I'm inserting 1000 documents in mongodb 3.6 at once using an unordered bulk via mongodb java api 3.6.1 and the method insertMany(List<Document>). 

try {
    collection.insertMany(docs);
} catch (MongoBulkWriteException e) {
    // e is :
   // Bulk write operation error on server myserver.com:27011. Write errors: [BulkWriteError{index=0, code=11000, message='E11000 duplicate key error collection: foodb.bar index: bar.id_1 dup key: { : 1 }', details={ }}].     
}

Let's say only one document triggered a duplicate key error.

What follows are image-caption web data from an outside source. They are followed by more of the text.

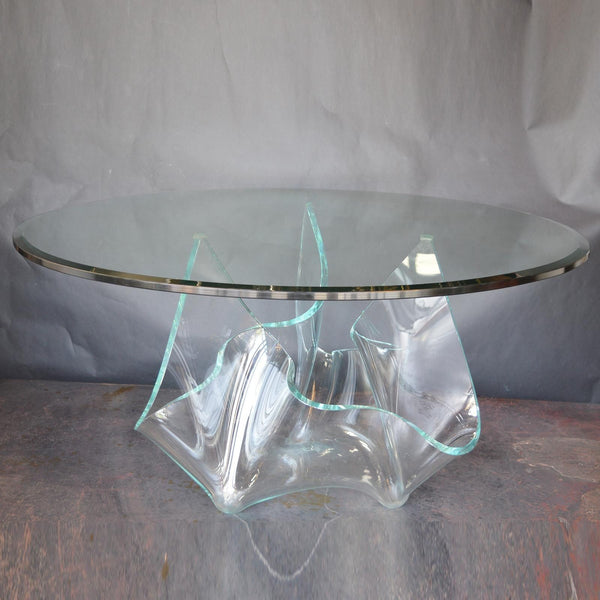 Handmade Italian Glass Center Table, 1970s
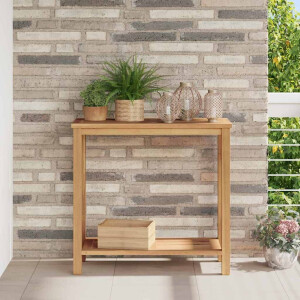 vidaXL Wandtafel met opslag Bruin 80 x 35 x 75 cm Massief Teakhout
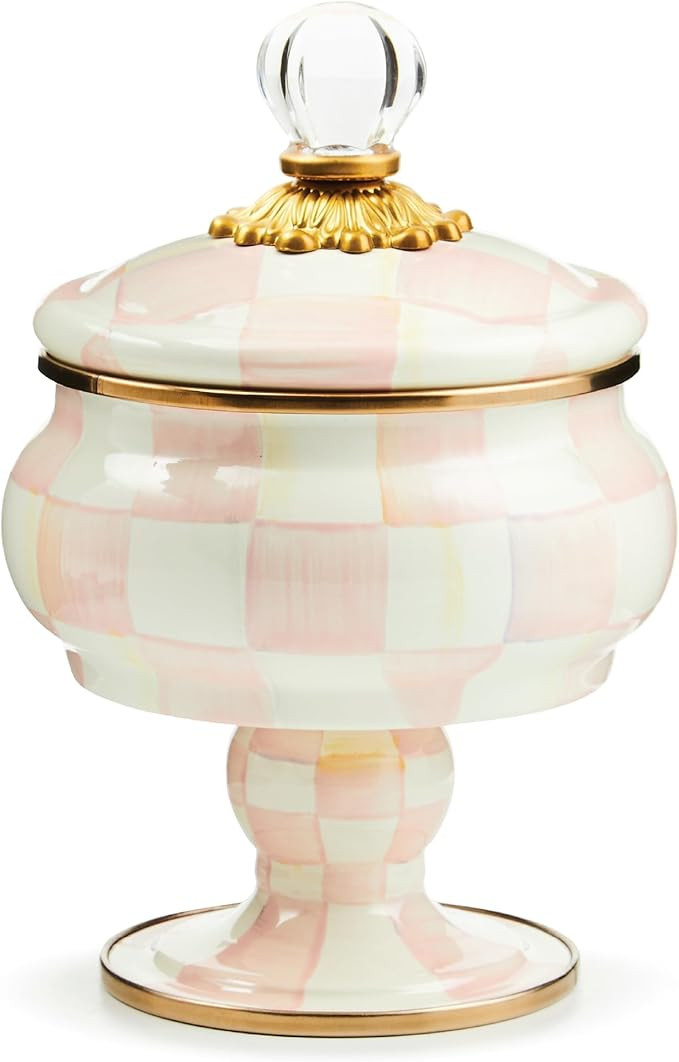 MACKENZIE-CHILDS Enamel Curiosity Pot, Decorative Container for Home Decor, Pink-and-White Rosy C... | Amazon (US)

All others 999 documents were successfully inserted.
How can I know which document triggered the error ?

Of course when getting the duplicate key error, I could search my list of documents with the bar.id that was duplicated but it's inconvenient (it means parsing the WriteError message...) and if there is two documents with the same bar.id in the List<Document>, it's almost impossible to know which triggered the error without asking the db.

Thanks

Upvotes: 2

Views: 2290

Answers (1)

glytching
glytching

Reputation: 47895

MongoBulkWriteException contains a List<BulkWriteError>, each failed write will be represented by an element in this list. Each element in this list contains an index attribute which is populated with the index of the element in the supplied list of documents.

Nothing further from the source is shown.